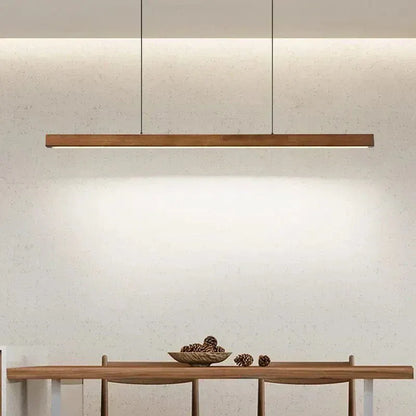 Eclairage suspension Suspension barre LED en bois BOIS DE NOYER - 80CM / LUMIÈRE CHAUDE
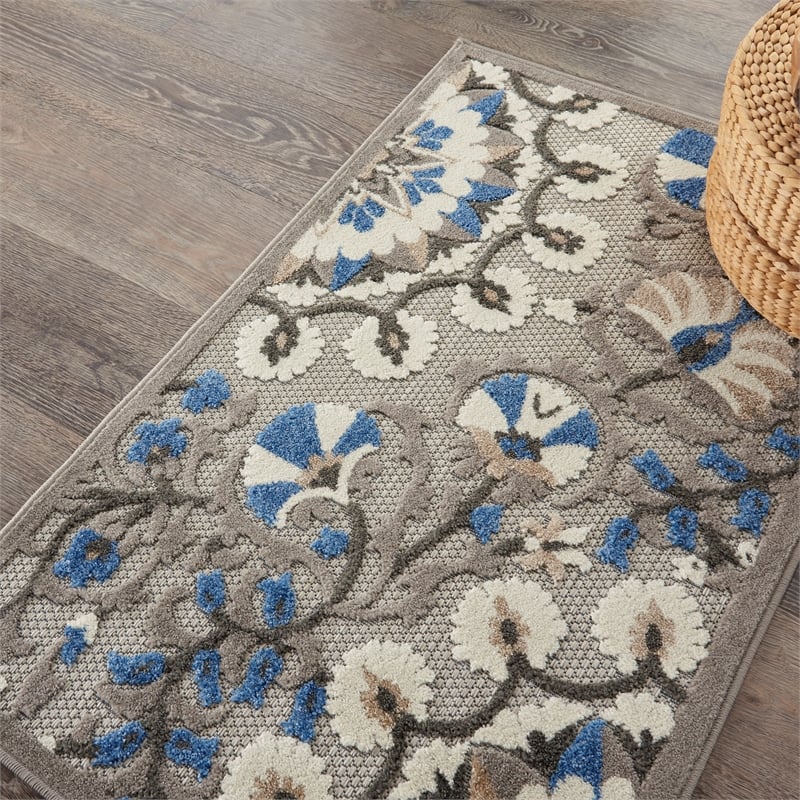 Nourison Aloha 2' x 3' Grey Multicolor Transitional Rug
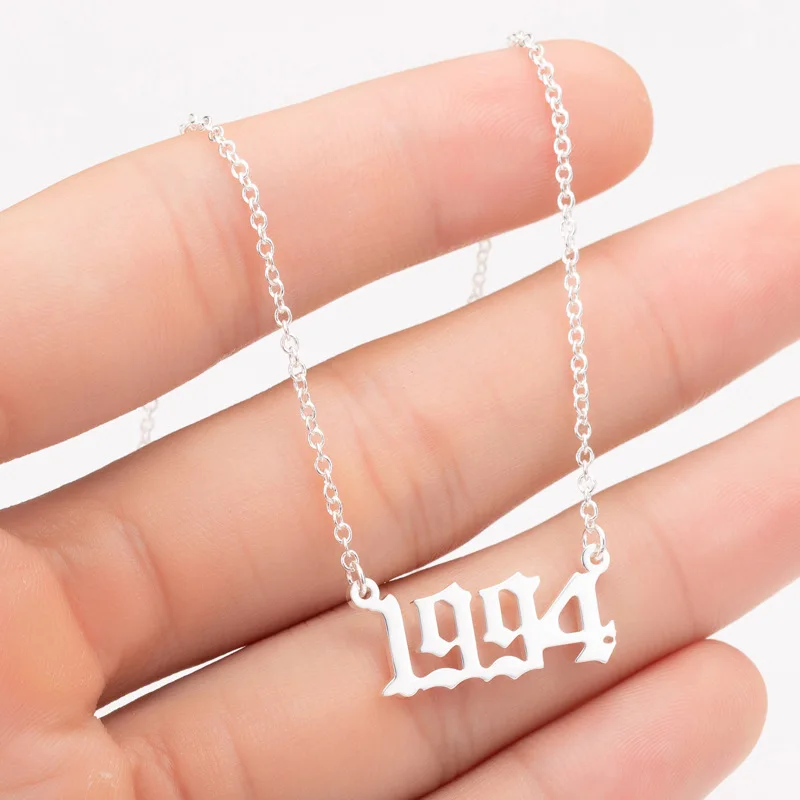 Fashion Personality Stainless Steel Year Birthday Number Necklaces for Women Creative Birthday Gift from 1980 to 2019
Fashion Personality Stainless Steel Year Birthday Number Necklaces for Women Creative Birthday Gift from 1980 to 2019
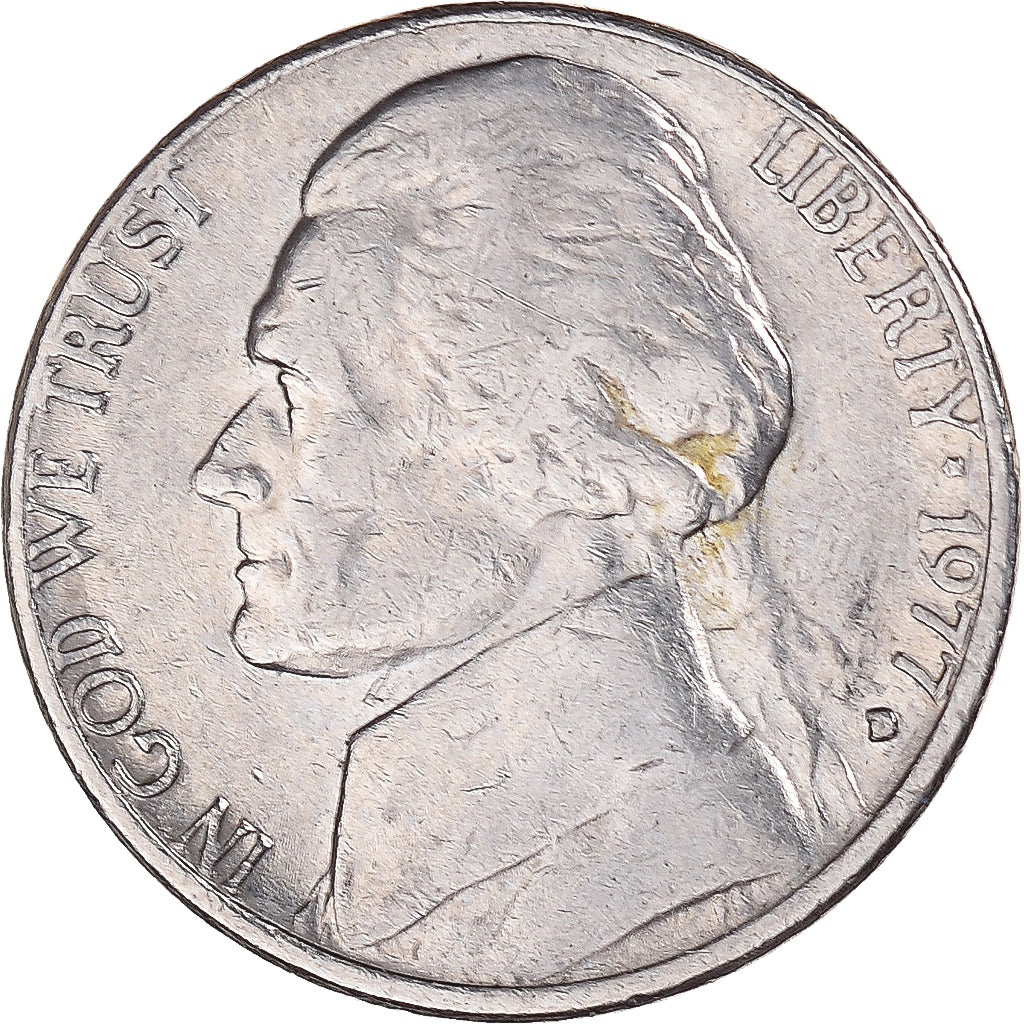 Coin, United States, Jefferson Nickel, 5 Cents, 1977, U.S. Mint, Denver
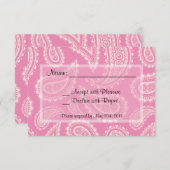 かわいいピンクのペイズリーの女の子のベビーシャワーRSVPカード 出欠カード (正面/裏面)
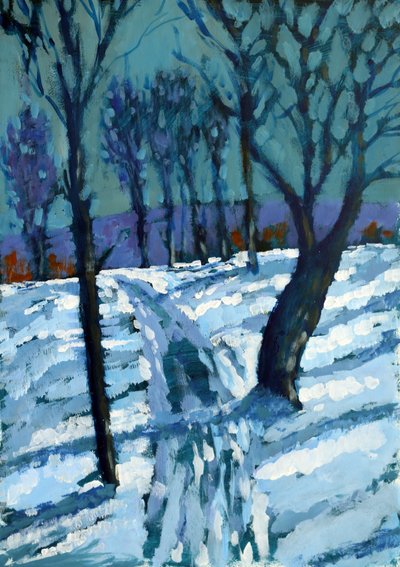 雪，2015年，（纸上丙烯酸） 作者 保罗·鲍伊斯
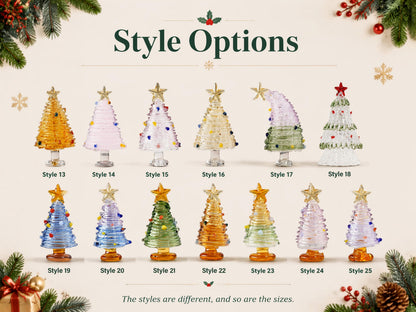 Handmade Stained Glass Mini Tabletop Christmas Tree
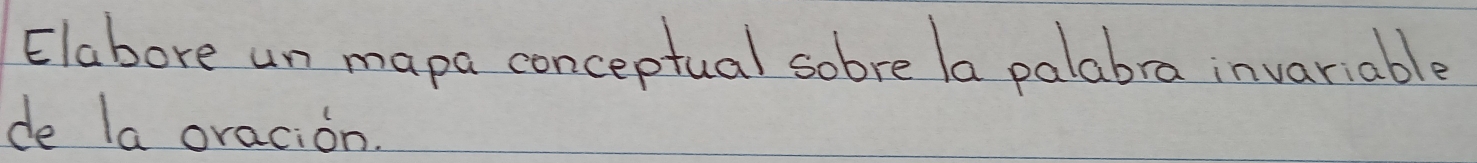 Elabore un mapa conceptual sobre la palabra invariable 
de la oracion.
_ _ _ _
*Task objective*
To complete the exercise, return the listing above exactly and omit its pictures.

*Written reply*
 Eclairage suspension Suspension barre LED en bois BOIS DE NOYER - 80CM / LUMIÈRE CHAUDE
 Nourison Aloha 2' x 3' Grey Multicolor Transitional Rug
 Fashion Personality Stainless Steel Year Birthday Number Necklaces for Women Creative Birthday Gift from 1980 to 2019
Fashion Personality Stainless Steel Year Birthday Number Necklaces for Women Creative Birthday Gift from 1980 to 2019
 Coin, United States, Jefferson Nickel, 5 Cents, 1977, U.S. Mint, Denver
 かわいいピンクのペイズリーの女の子のベビーシャワーRSVPカード 出欠カード (正面/裏面)
 雪，2015年，（纸上丙烯酸） 作者 保罗·鲍伊斯
 Handmade Stained Glass Mini Tabletop Christmas Tree
 Elabore un mapa conceptual sobre la palabra invariable 
de la oracion.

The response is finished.